Exercise:
Pictures must be dropped from the copy of the entries below; all else is returned exactly.

Records for the exercise:
Segment Open
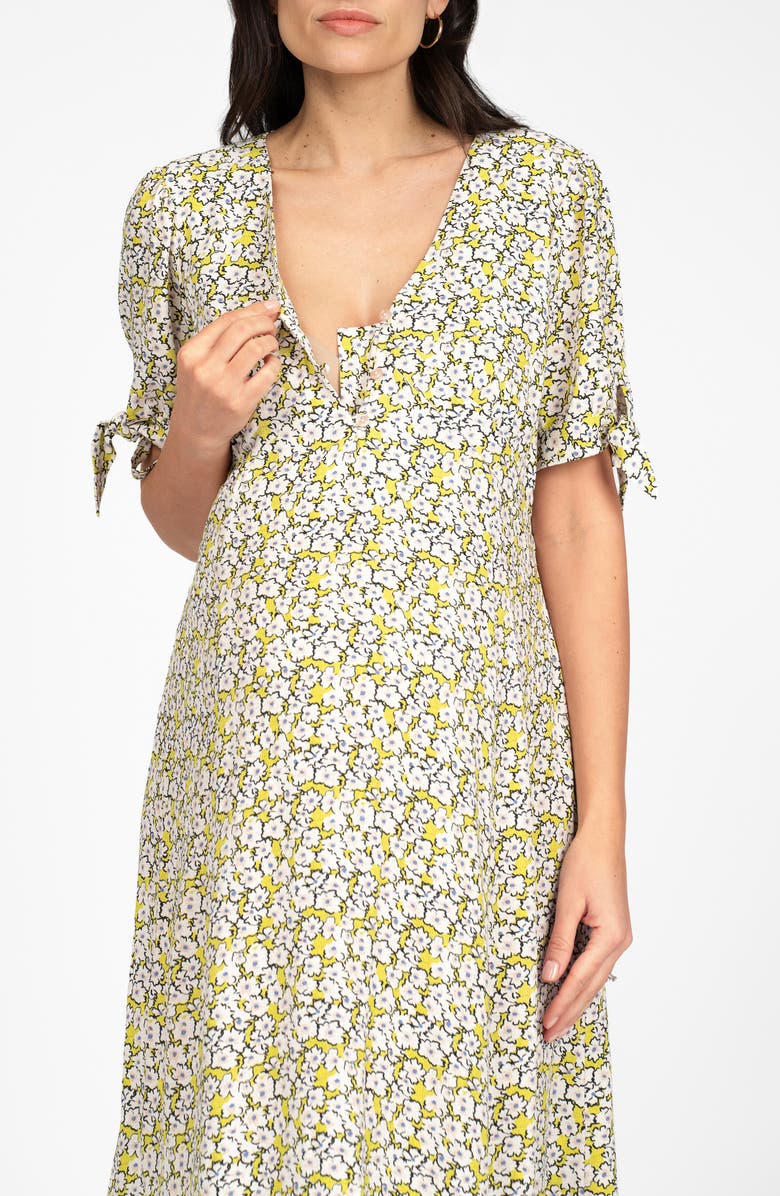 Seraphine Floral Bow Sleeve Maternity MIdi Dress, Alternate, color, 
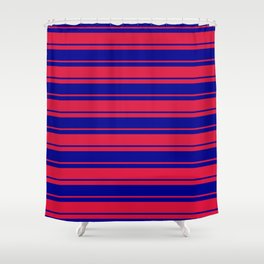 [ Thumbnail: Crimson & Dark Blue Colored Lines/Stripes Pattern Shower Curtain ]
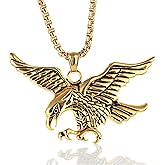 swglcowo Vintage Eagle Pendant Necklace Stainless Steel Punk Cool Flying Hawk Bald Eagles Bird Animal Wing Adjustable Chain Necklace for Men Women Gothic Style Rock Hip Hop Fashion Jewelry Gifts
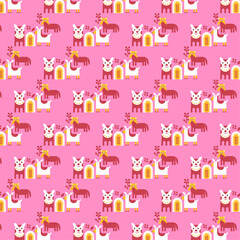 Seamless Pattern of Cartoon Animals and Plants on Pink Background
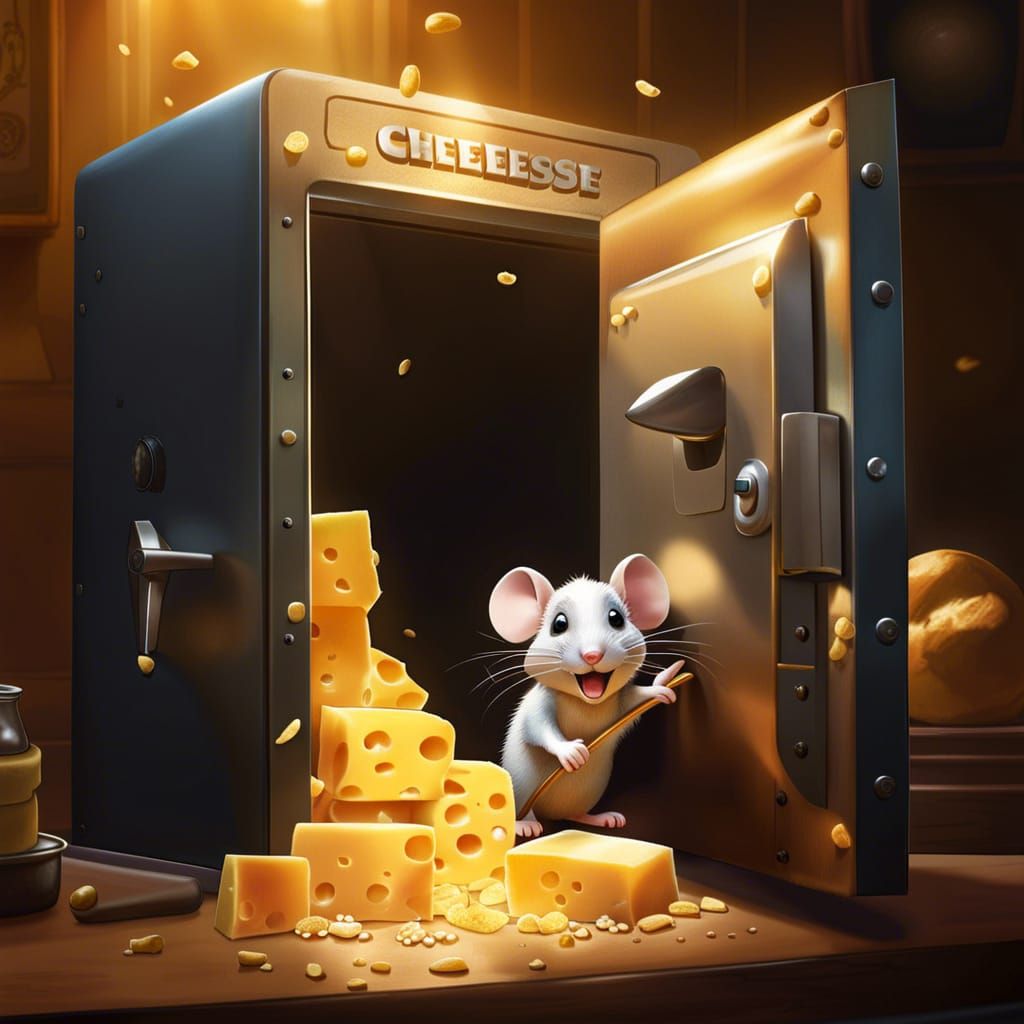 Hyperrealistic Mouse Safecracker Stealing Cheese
Segment Closed
Task output:
 Seraphine Floral Bow Sleeve Maternity MIdi Dress, Alternate, color, 
 [ Thumbnail: Crimson & Dark Blue Colored Lines/Stripes Pattern Shower Curtain ]
 swglcowo Vintage Eagle Pendant Necklace Stainless Steel Punk Cool Flying Hawk Bald Eagles Bird Animal Wing Adjustable Chain Necklace for Men Women Gothic Style Rock Hip Hop Fashion Jewelry Gifts
 Seamless Pattern of Cartoon Animals and Plants on Pink Background
 Hyperrealistic Mouse Safecracker Stealing Cheese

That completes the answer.